In this study, other social systems with secondary influences on health system have also not been included for study of health system performance though these have been included to explain overall health of community. Cross-system goals of the health system have been excluded as the authors believe that the current health system in Indian context should not be held accountable for changes in all health determinants. Another limitation is the lack of ability of study tools to attribute concurrent micro-structural changes in the system to changes in performance. The study attempts to measure components determining health system performance, and hence assess performance on a broader time frame of one year duration, which was considered to be immune to micro-changes due to their generalised omnipresence.
Generation of a composite Health System Performance Index on the basis of input, process, output and outcome indicators is an urgent need of the hour. Not only will the results of the study develop a comprehensive comparable account of how well the health system is working in different districts of the state, these will also provide a basis to explore the why component of the equation, dealing with why certain health system domains in certain areas perform better than the others. The results can provide initial directions, establish pathways for conduction of further qualitative research in the future, which may help to generate a richer understanding of the underlying mechanisms in play.

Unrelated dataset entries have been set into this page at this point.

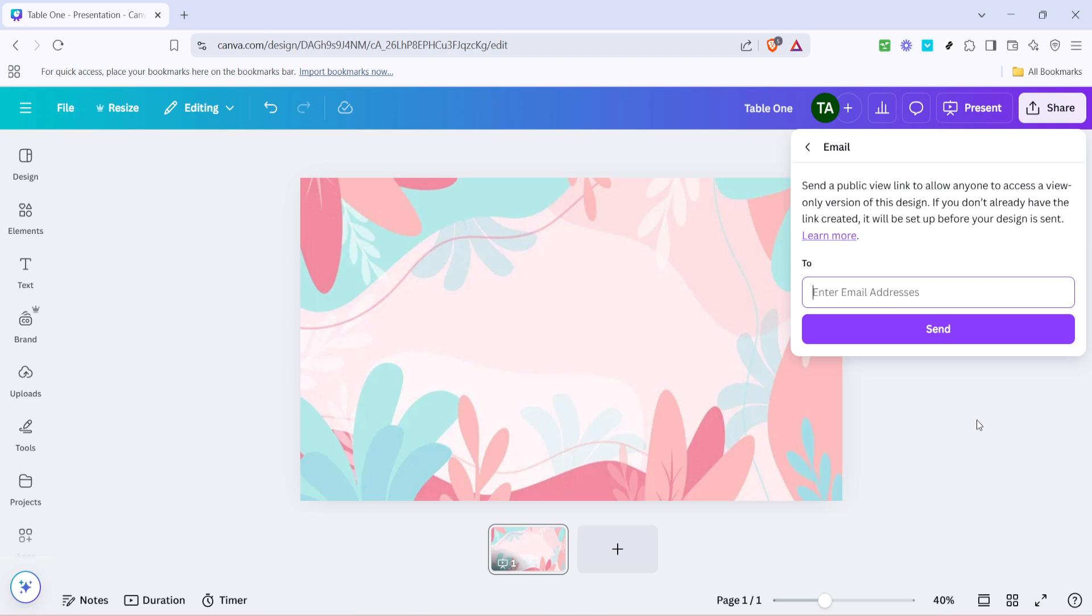Once you've input the recipient's email address, it might also be a good idea to include a brief message or note to accompany your design. While this isn't mandatory, adding a personal touch can enhance the recipient's experience.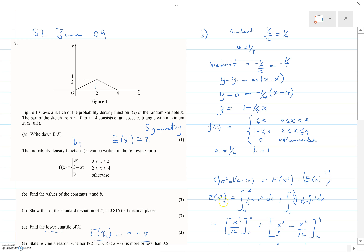I've been asked to go over part E of this question from June 09 S2 edXL. I'm going to quickly go over the earlier parts of the questions as well, although they look fairly standard.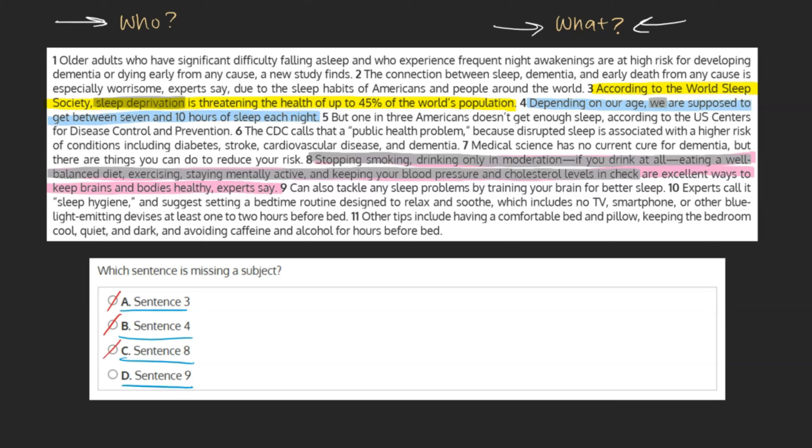And D. Sentence 9. Can also tackle any sleep problems by training your brain for better sleep. Who can tackle any sleep problems by training your brain for better sleep? The sentence doesn't tell us. It's missing a subject, most likely the subject 'you.' As this sentence doesn't have a subject, we can go ahead and mark it as our final answer.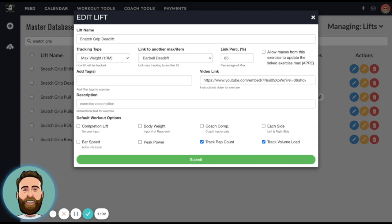So if my snatch grip deadlift is hypothetically 100 pounds or 100 kilos, then the snatch grip deadlift is going to be 85 pounds or 85 kilos. It's as simple as that.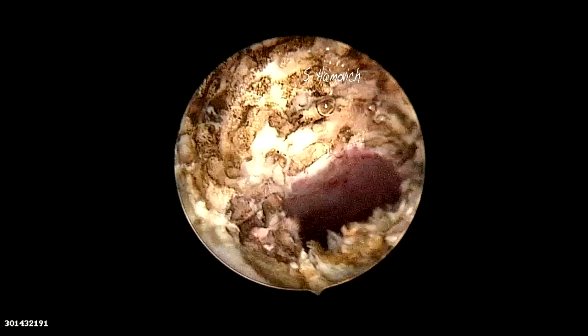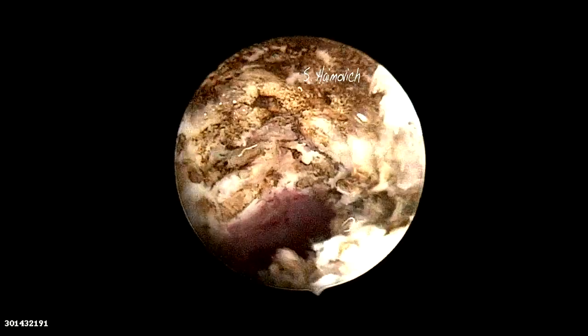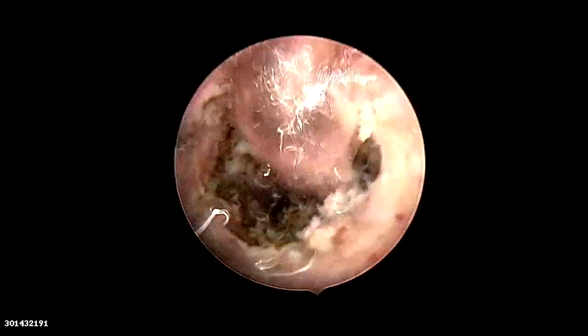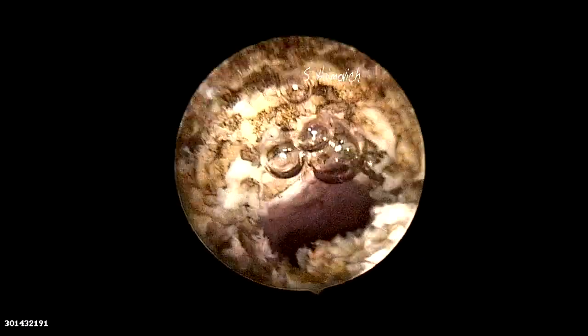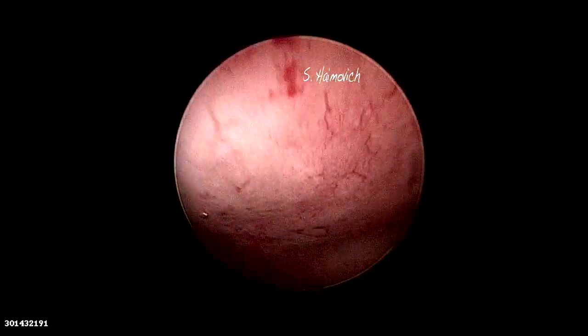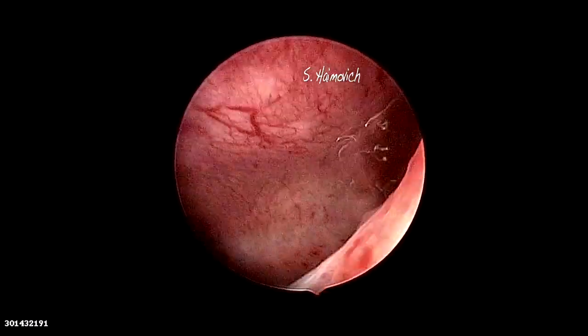Now the final results are seen: 360 degrees of ablated tissue and an open isthmocele connecting to the uterine cavity.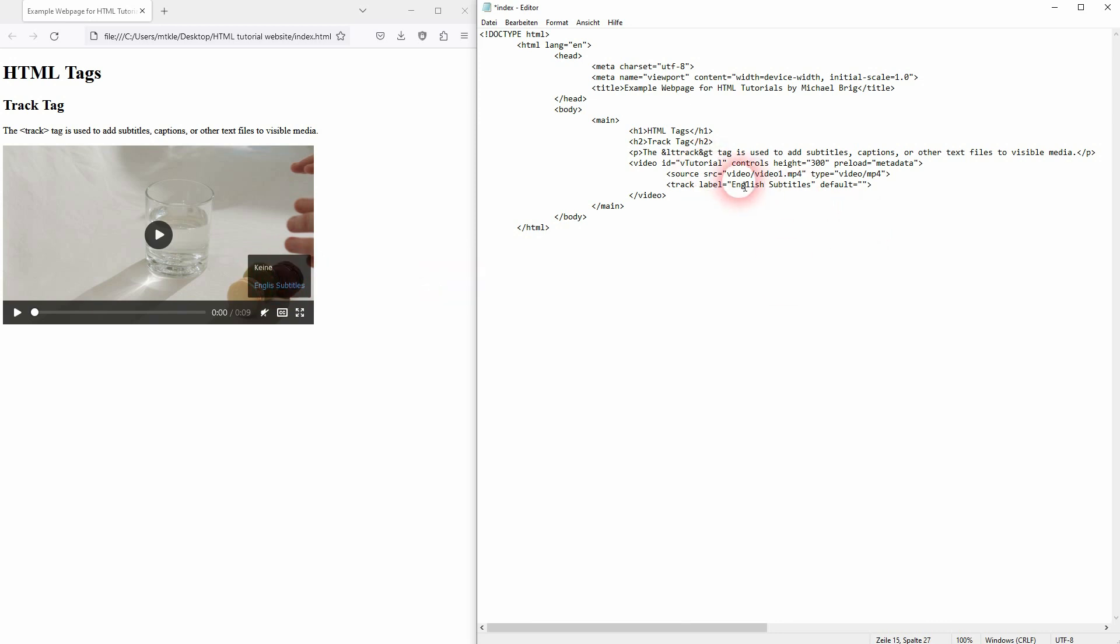But whatever you add as a value to your label is going to be shown here. You want to define a source language, in this case for English subtitles it should be EN. You want to add a kind, so subtitles.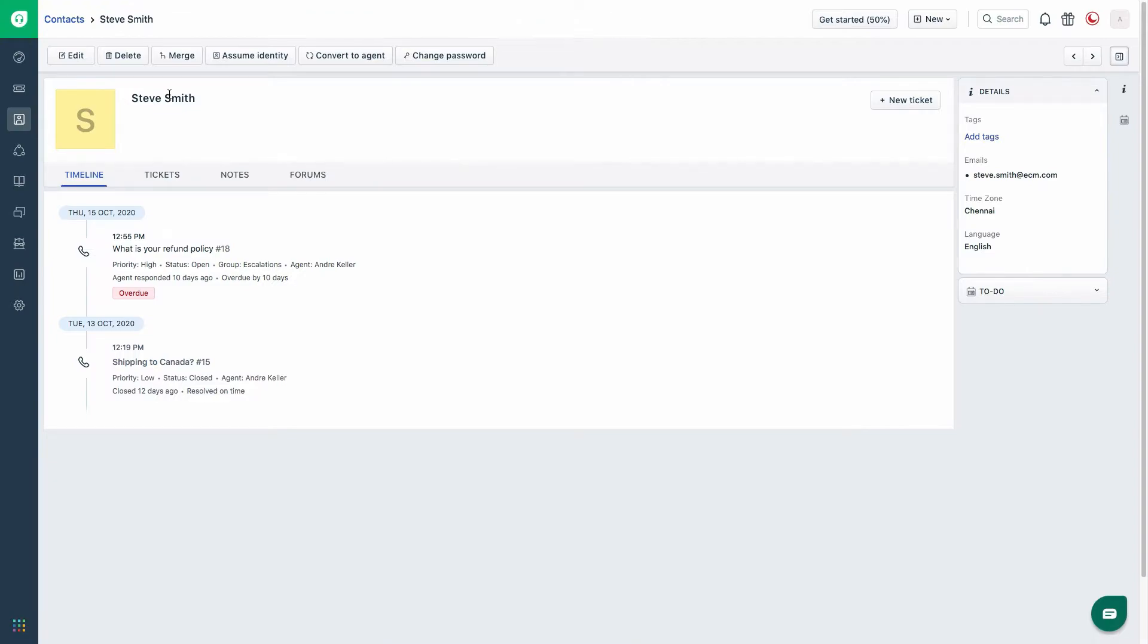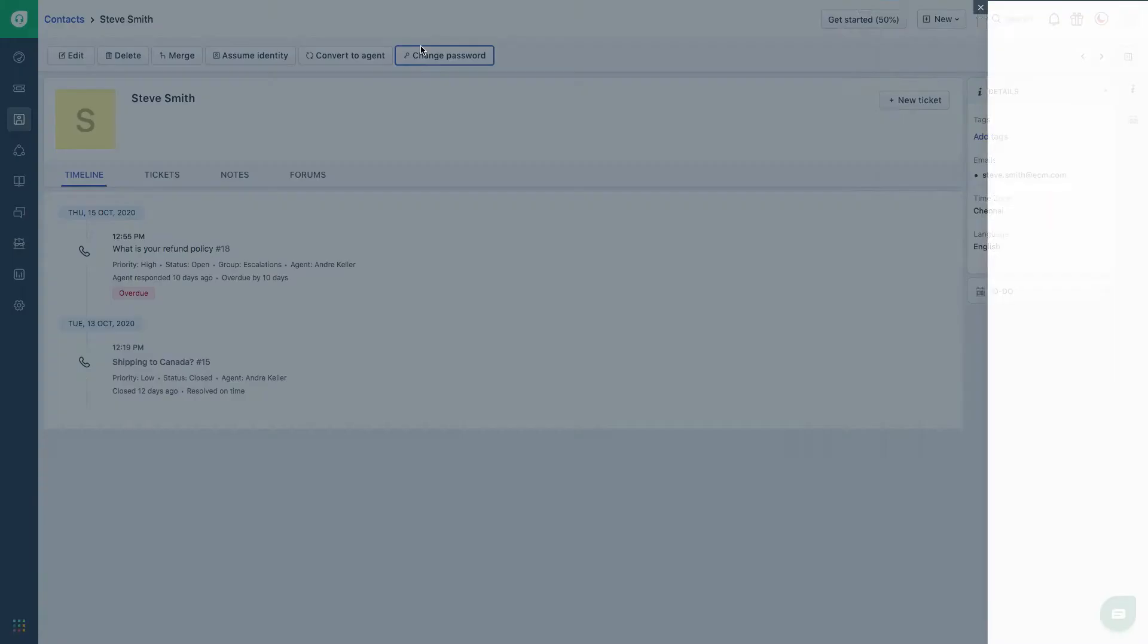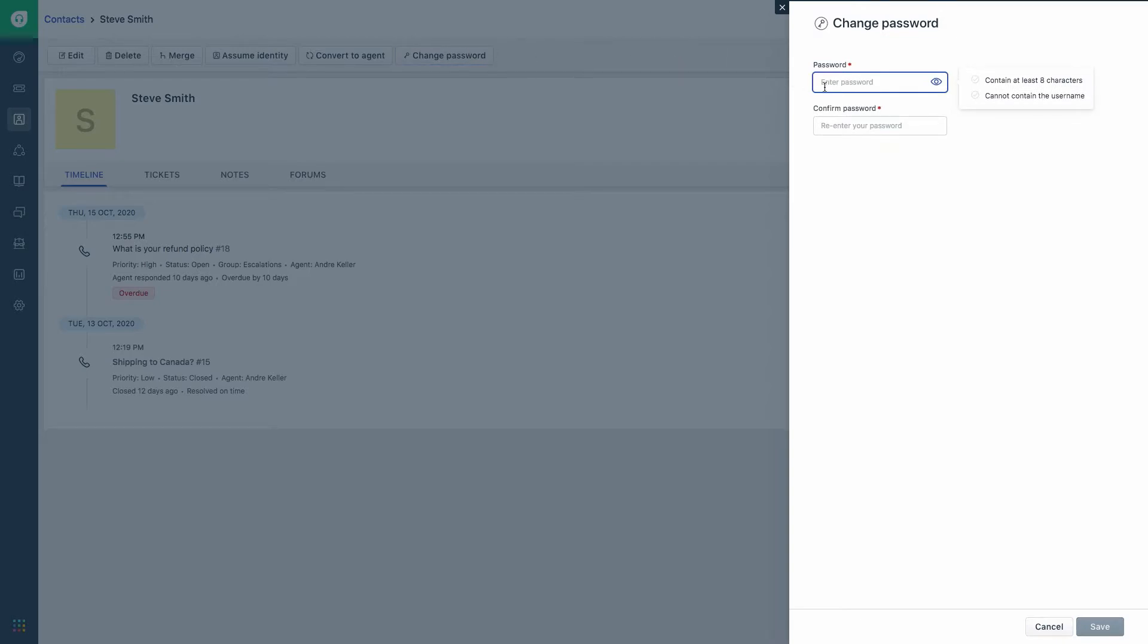Choose the contact for which the password needs to be reset. Enter the new password and confirm the same.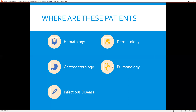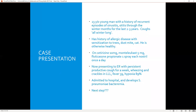I'd like to close with a case presentation of a young man, 23 years old, with a history of recurrent episodes of sinusitis and otitis that have gotten worse over the last two to three years. He coughs all winter long. He has a history of allergic disease with sensitization to trees, dust mite, and cat, but is otherwise pretty healthy, though his allergy medicines don't seem to be working as well anymore. He comes to the ER with a persistent productive cough for a week, wheezing and crackles in the left lower lobe, is hypoxic with fever to 39, is admitted to the hospital, and develops strep pneumonia bacteremia — his first serious infection.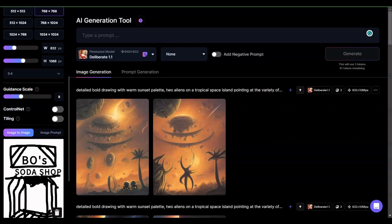Hi everybody. I wanted to go into a little bit more about ControlNet. ControlNet is your ability to control the image that you input in the image-to-image function or the image-to-image feature in Leonardo, and how much of it you want to appear in the renderings.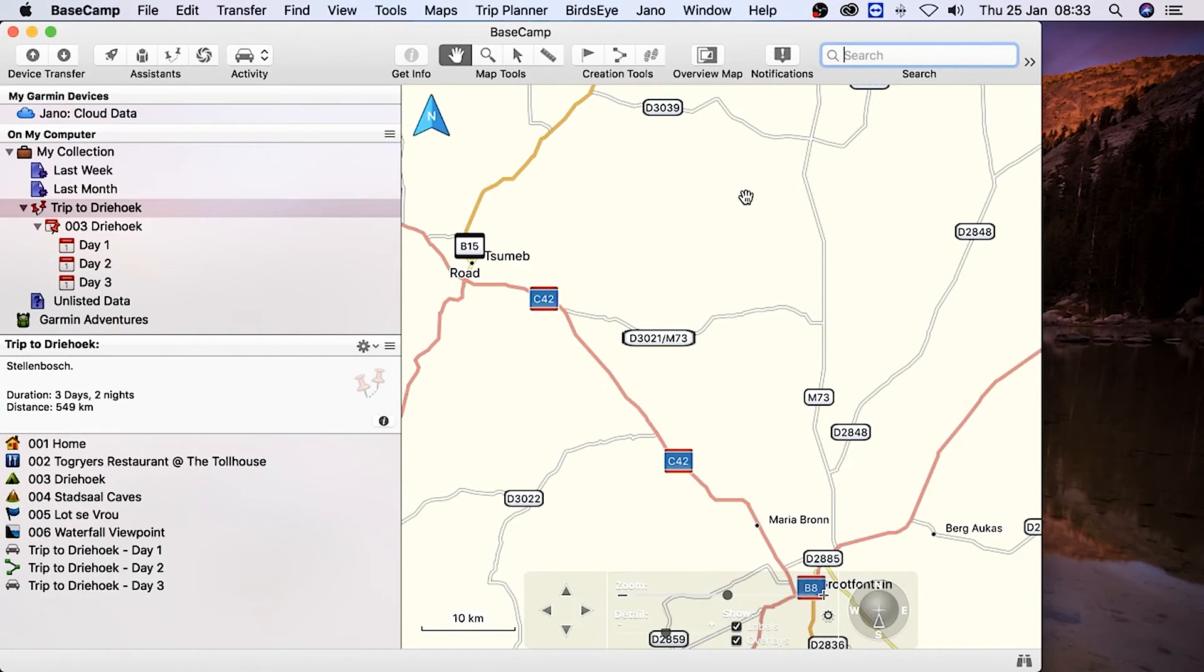You'll find tutorials on how to use BaseCamp in our trip planning playlist. Please click the link in the video description below.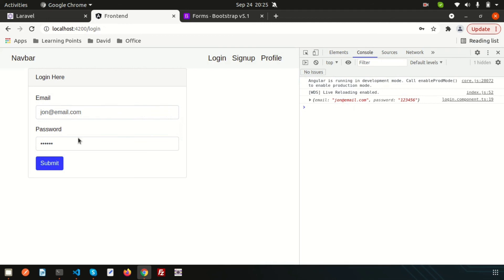The login page is ready. Before we can test login, we need users in the database, so we'll build the sign up process first and then come back to login. We'll cover sign up in the next video. Please like and subscribe to the channel for upcoming videos, and leave a comment with your opinion.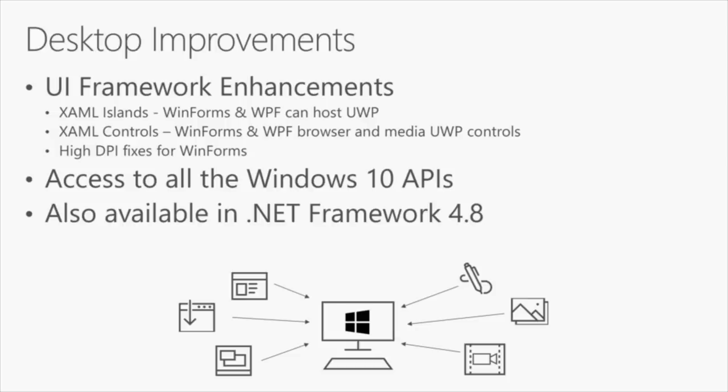As monitors get bigger with 4K and 8K, we want to add better support for high DPI. We want these desktop applications to be able to access all the Windows 10 APIs, take advantage of the latest features of the Windows operating system. All these desktop features are also available in .NET Framework 4.8 as well.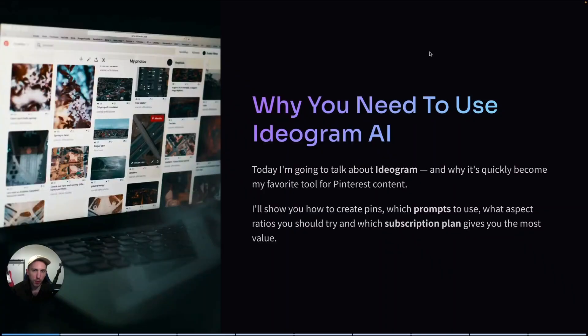So in this video I'm going to talk about Ideogram and you will see why it quickly became one of my favorite tools for Pinterest content.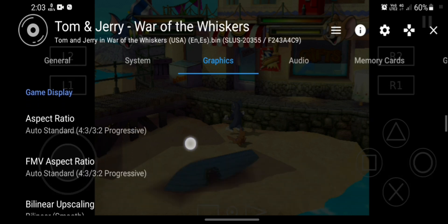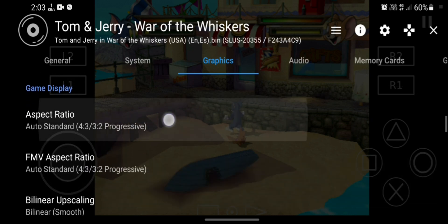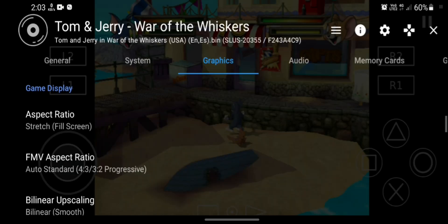Now it is in auto standard 4-3 or 3-2 progressive. You can choose which one you want. So if you want 16x9 you can choose that. I will choose stretch full screen and click on the X button.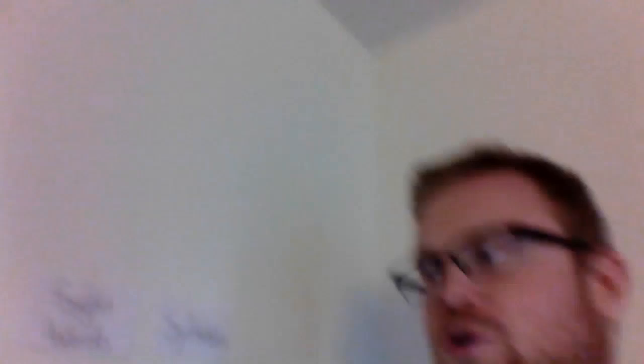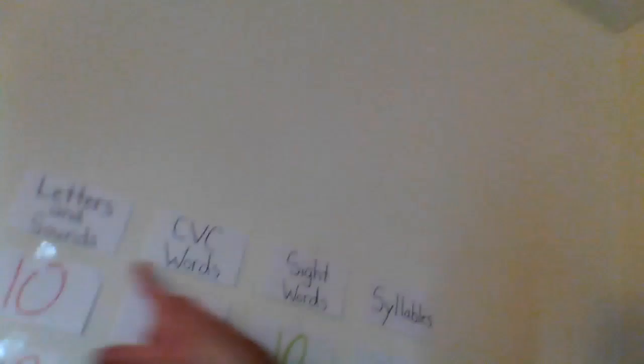So tomorrow morning when we play Jeopardy these will be your categories and remember you can pick any number, any decade number from 10 all the way down to 100. And the higher or the greater the number is, the more challenging it will be. And you can pick any category you want: letters and sounds, CVC words that you sound out, sight words, or syllables. I cannot wait. I think it's going to be so much fun.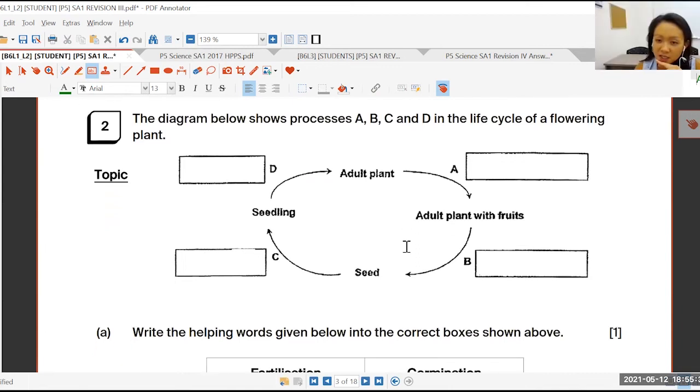So we've got processes A, B, C, D. Here we've got flower, plant. Again, we're looking at one of the different processes of a plant.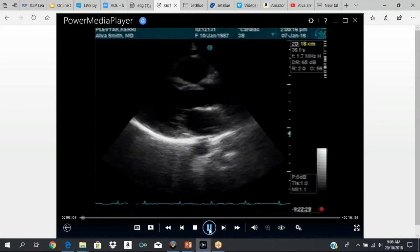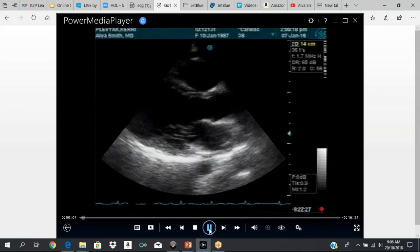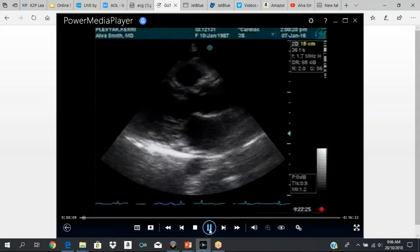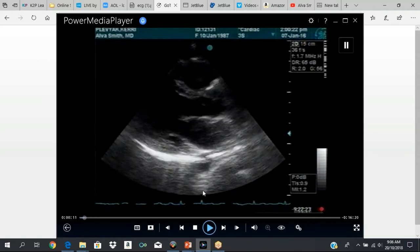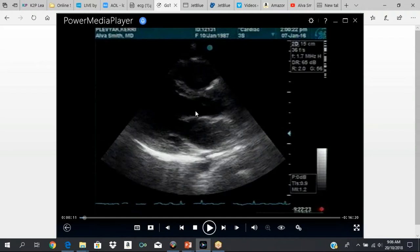You should get something looking like this. This is the parasternal long axis view. This is the posterior wall right here. Below the posterior wall, you have the pericardium. Pericardium is right there. This structure here is the descending aorta. Then we have the mitral valve, the mitral leaflet. This is the anterior mitral leaflet, and this is the posterior leaflet.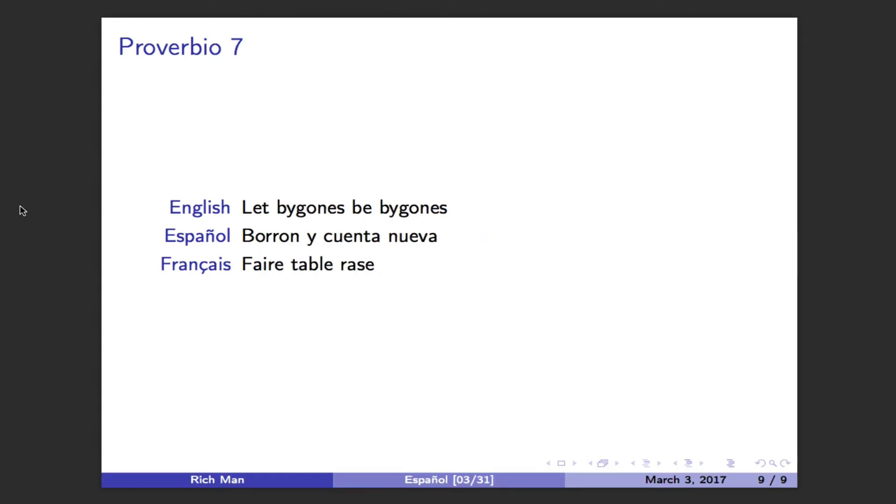Let bygones be bygones. Borron y cuenta nueva. Faire table rase.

Ethical clearance for the doctoral research, as a part of which this study is being conducted, was obtained from the Institute Ethics Committee of PGIMER, Chandigarh, India in June 2014. Two administrative approvals were obtained from Health Department, Haryana in November 2014 and August 2015 to undertake evaluation of their health facilities and collection of secondary data. Written informed consent is being obtained from respondents wherever they participate in data collection; the content of the consent form includes the purpose of the study, benefits of participation, opportunity to withdraw, confidentiality of the data, and contact persons in case individuals needed further clarification. The privacy of respondents selected and confidentiality of information received from them will be ensured by anonymizing the data retrieved.